Voluntary Self-Disclosure Protocol

In 2010 the Affordable Care Act required CMS to create a protocol by which providers that had entered into relationships that potentially violated the Stark provisions could voluntarily “self-disclose” and receive some mitigation of the potential penalties. That protocol was opened in September 2010 and to date approximately 100 “entities” have reportedly made disclosures. Notably, one of the required disclosures is "a description of the existence and adequacy of a pre-existing compliance program that the disclosing party had." A CMS official has advised the the agency is particularly interested in "what changed" after discovery of the potential violation(s). Learn more.

CMS maintains a website where settlements under the protocol are reported. There are more than 60 reported settlements - virtually all with hospitals. Not all are for large sums. However little detail is provided about what led to the settled violations.

The American Health Lawyers Association has published Practical Tips on the Stark Self-Disclosure Protocol (AHLA 2012) as a Public Interest Resource. A Practitioner's Guide to the Stark Self-Disclosure Protocal came out from the same source in May 2013.


In March 2012 CMS submitted a report to Congress describing its first 18 months of implementation of the protocol.


Settlements and Verdicts

Meanwhile, Stark settlements and actions outside the protection of the Self-Disclosure protocol have continued, including:

  • March 2014 - Shortly before the start of trial, Halifax Hospital Medical Center settled a Stark and False Claims action brought by the Department of Justice and one of its employees for $85 Million. This settlement also includes a five year corporate integrity agreement for the health system.

  • Also in 2014 - Both the hospitals ($3.8M) AND the physician ($1M) with whom they had an improper financial relationship eventually paid to settle a self-disclosed Stark violation in West Virginia.

  • Two Montana Hospitals self-disclosed a practice of providing "incentive pay" to referring physicians. In return they were required to pay $3.95 Million and be described as having "allegedly put their financial interest ahead of their responsibility to provide cost effective health care". The FBI press release was slightly less accusatory.

  • A West Virginia physical therapy practice (1-20-2012) self-disclosed and settled civil monetary penalties resulting from the provision of services to patients referred to the practice by the wife of one of the group members.

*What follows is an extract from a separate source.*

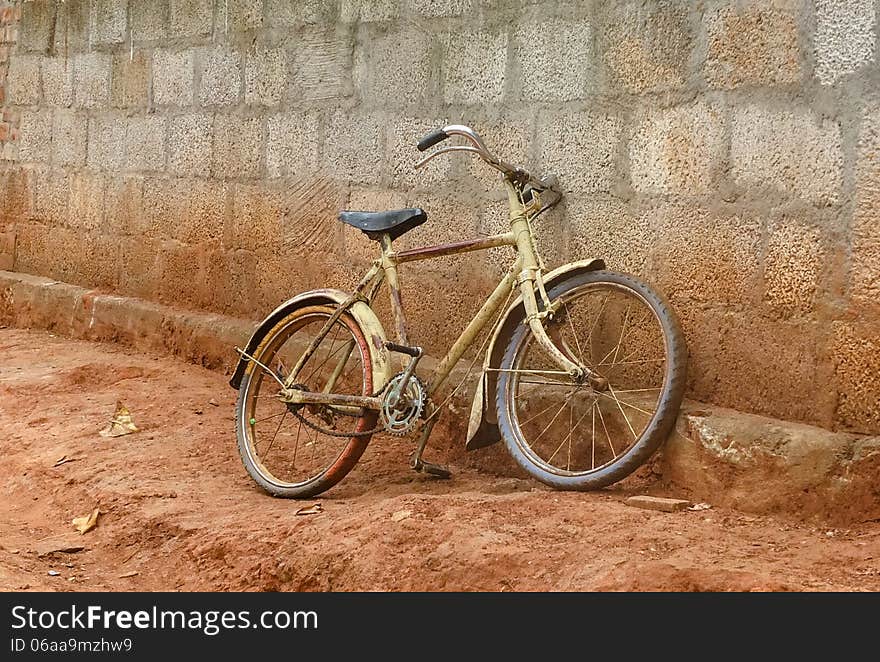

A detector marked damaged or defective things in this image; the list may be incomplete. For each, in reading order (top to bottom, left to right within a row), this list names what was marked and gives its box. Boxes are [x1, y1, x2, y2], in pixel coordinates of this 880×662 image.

old rusty bicycle [229, 124, 688, 498]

  • A Connecticut Hospital settled false claims liability for providing an office suite to a referring physician group without a written rental agreement and failing to collect rent even once a lease was executed.

  • A New York Medical Center settled a quit tam suit filed by one of its physicians relating to some of its recruitment arrangements.

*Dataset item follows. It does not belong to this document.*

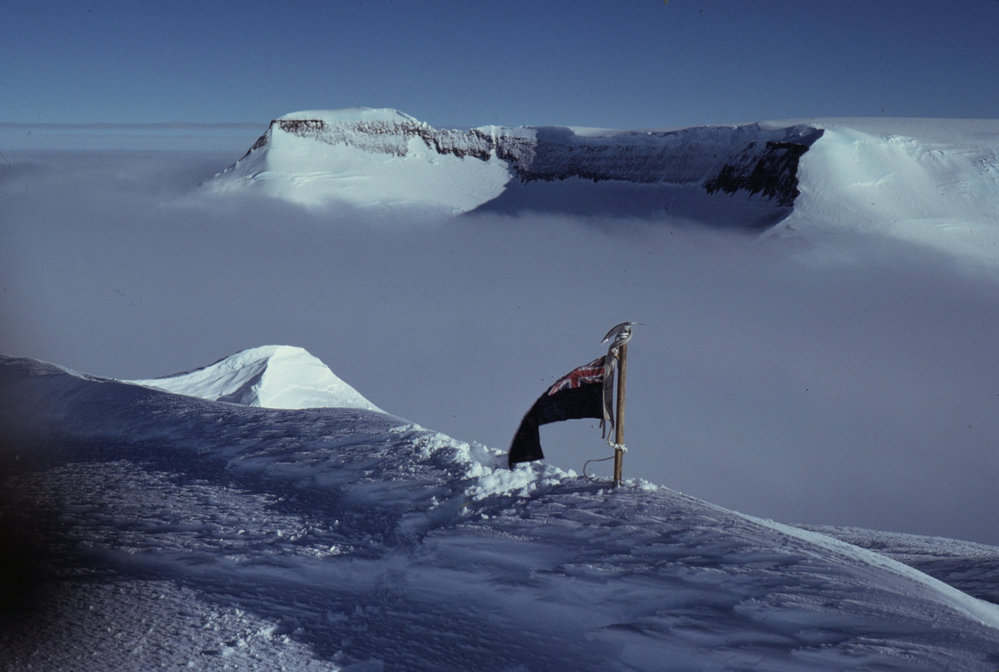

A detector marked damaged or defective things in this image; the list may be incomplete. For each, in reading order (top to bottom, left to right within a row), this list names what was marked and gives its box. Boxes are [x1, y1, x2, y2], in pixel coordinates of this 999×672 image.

wind-damaged fabric [512, 356, 612, 468]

  • A North Carolina Life Sciences Company (7-2-2012) self disclosed "thousands of gift cards" given in exchange for referrals and paid a Civil Monetary Penalty for its generosity.

  • A Massachusetts Long Term Care Hospital (9-11-2012) agreed to pay $1,149,396.50 because of remuneration paid to two physicians.

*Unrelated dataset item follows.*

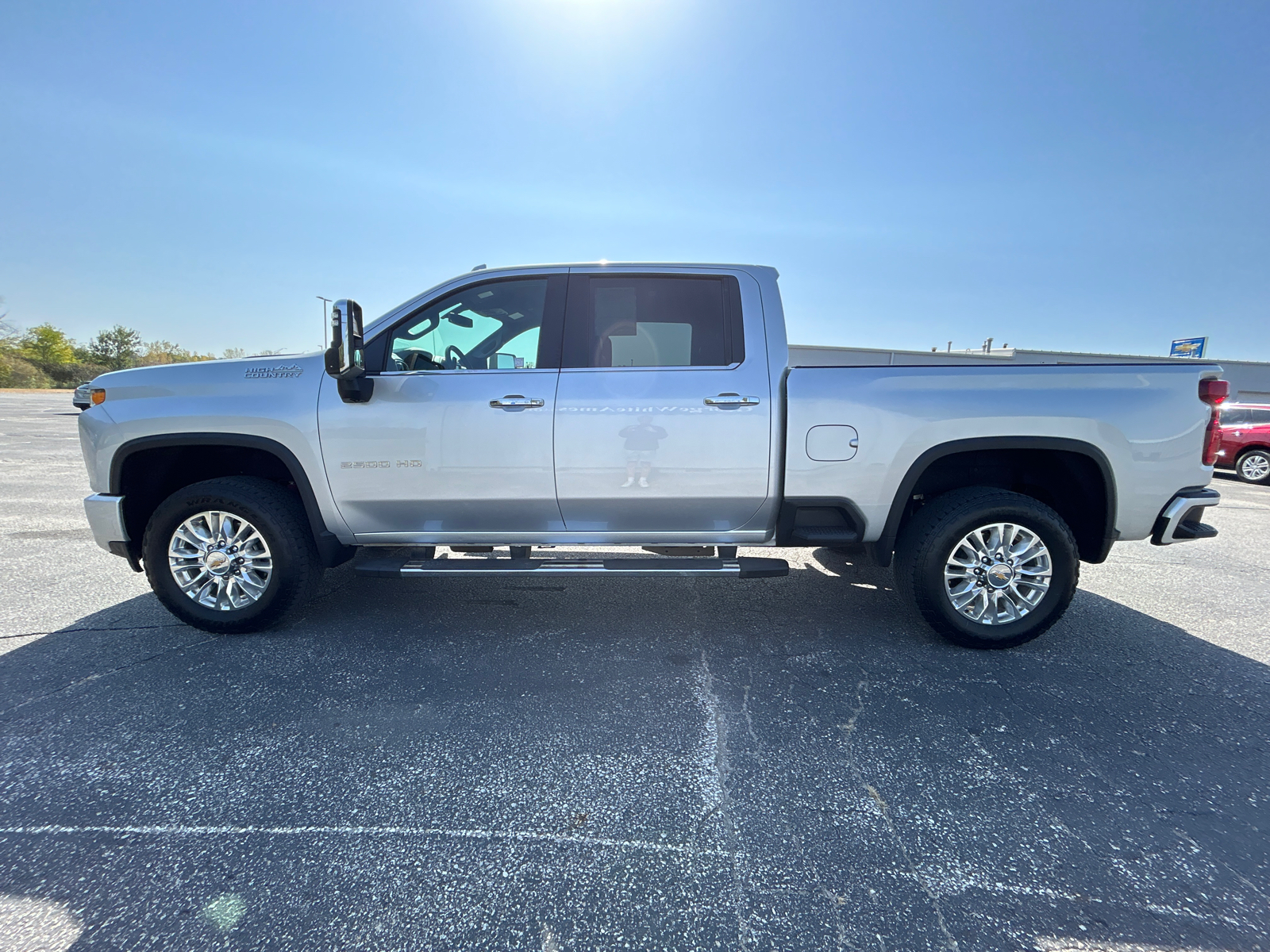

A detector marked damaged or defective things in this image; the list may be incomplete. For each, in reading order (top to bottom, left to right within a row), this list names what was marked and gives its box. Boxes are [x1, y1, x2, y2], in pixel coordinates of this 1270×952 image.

  • The Hospital Corporation of America, despite its longstanding compliance program, paid $16.5 M and agreed to a corporate integrity agreement in order to settle a whistle-blower suit about its relationships with a Tennessee physicians group.

  • A lithotripsy company - 11-02-2012 agreed to pay $127,249.30 in Civil Monetary Penalties after it treated customers, including physicians, to an all expenses paid trip to the Masters Golf Tournament.

  • Following two jury trials, Tuomey Healthcare System was ordered to pay more than $236,000,00.00 in penalties for entering into "employment" agreements with potential physician competitors that didn't come close to meeting Stark requirements. Unsurprisingly, the system's CEO and COO both resigned. That judgement was upheld on appeal in July 2015.

  • The Office of the Inspector General for DHHS also tracks and reports Stark related settlements on its website.